■ WHAT TO WORK ON ■
With the pictures left out, restate exactly the part below that opens with the line containing "Empty wooden spoon on a wooden background" and closes with the line containing "A sheet pan".
BEGIN DATA RECORDS
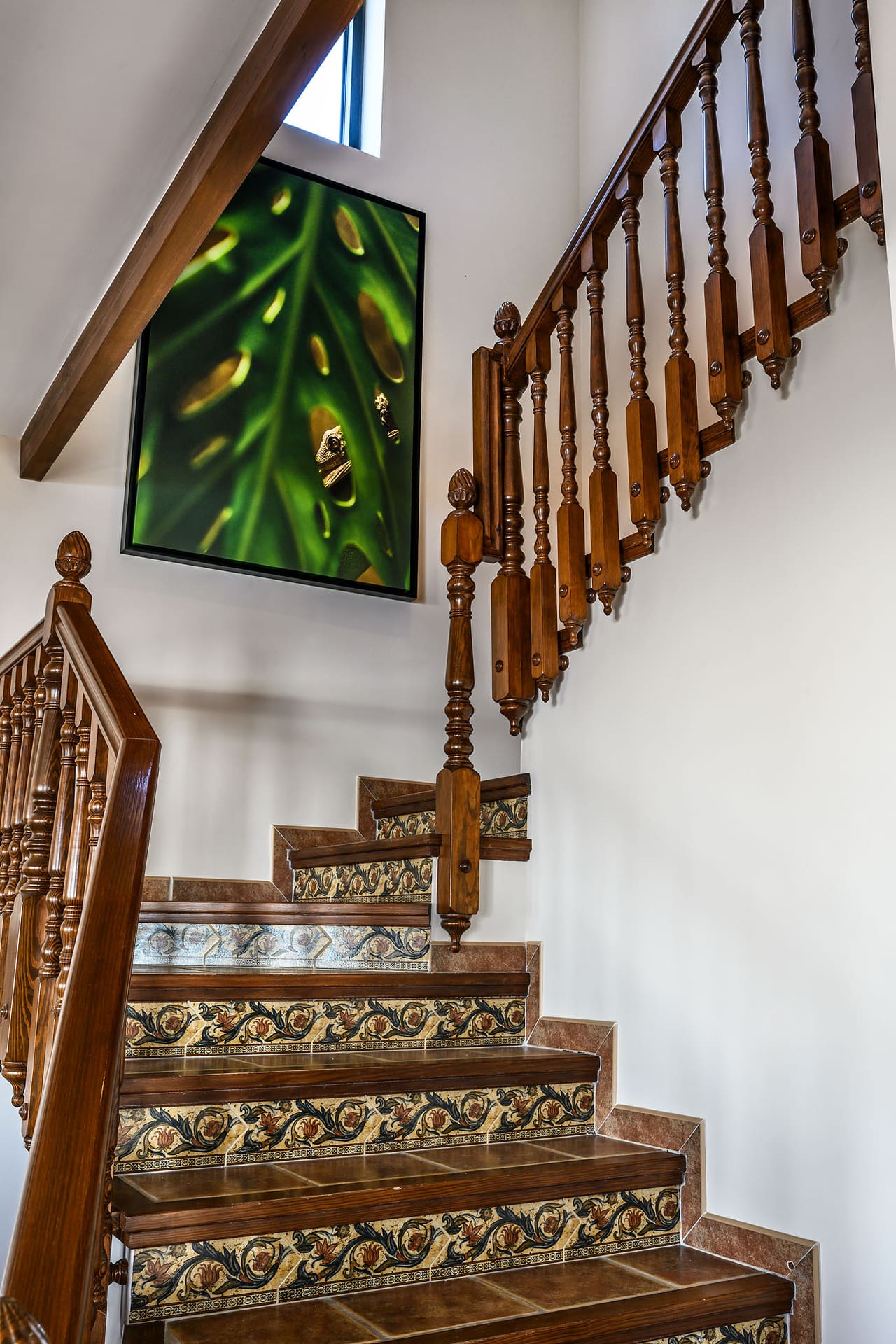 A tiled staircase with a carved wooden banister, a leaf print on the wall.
END DATA RECORDS
BEGIN DATA RECORDS
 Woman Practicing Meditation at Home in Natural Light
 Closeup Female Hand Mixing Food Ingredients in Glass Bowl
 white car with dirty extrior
END DATA RECORDS
BEGIN DATA RECORDS
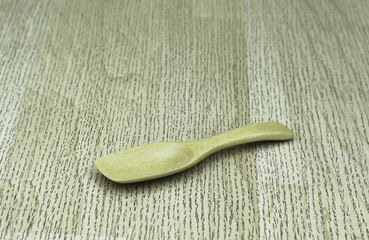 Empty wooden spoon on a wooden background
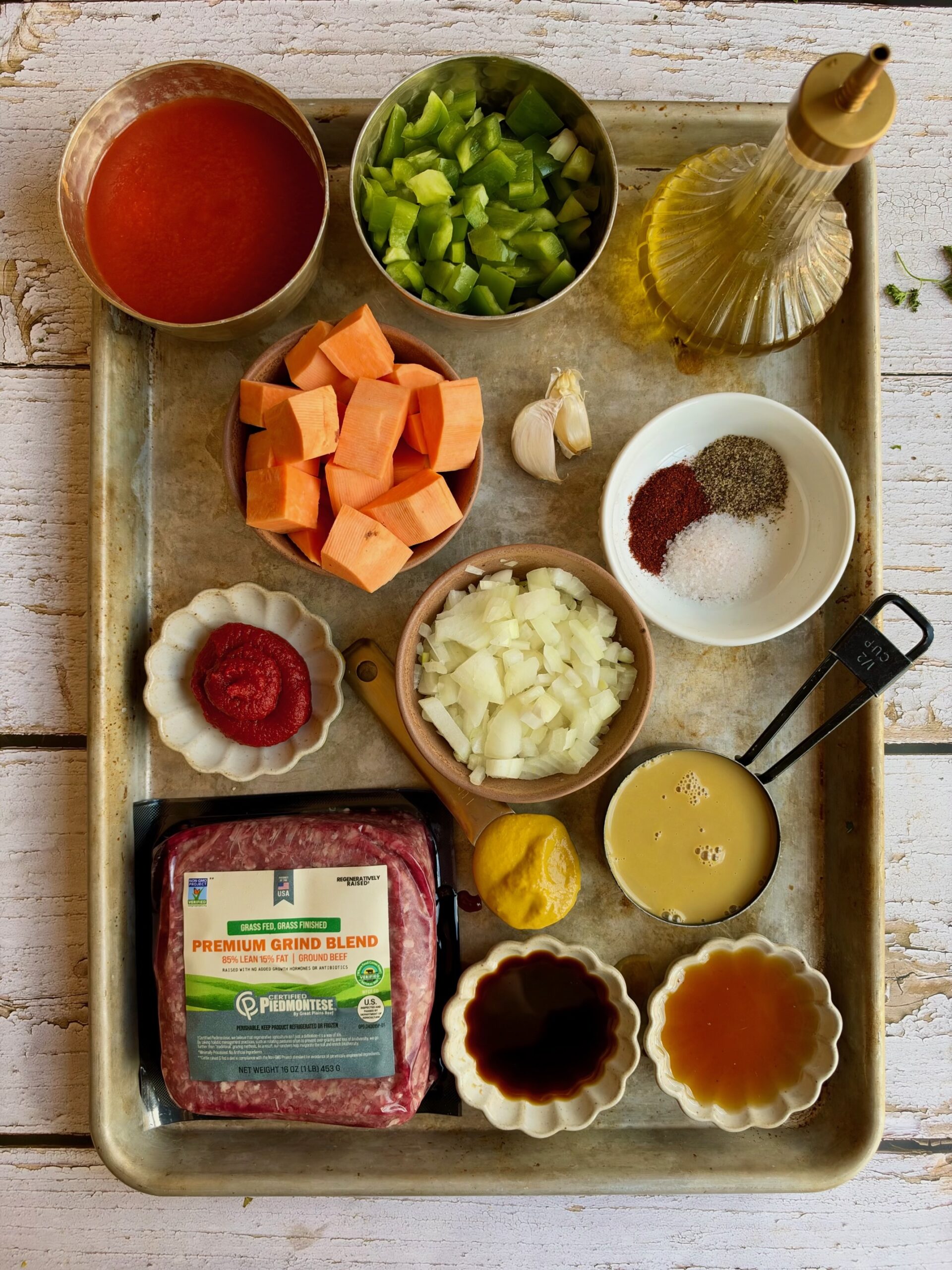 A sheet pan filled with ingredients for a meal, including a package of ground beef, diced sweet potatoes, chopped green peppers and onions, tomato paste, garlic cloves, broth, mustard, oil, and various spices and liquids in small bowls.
END DATA RECORDS
■ OUTPUT ■
 Empty wooden spoon on a wooden background
 A sheet pan filled with ingredients for a meal, including a package of ground beef, diced sweet potatoes, chopped green peppers and onions, tomato paste, garlic cloves, broth, mustard, oil, and various spices and liquids in small bowls.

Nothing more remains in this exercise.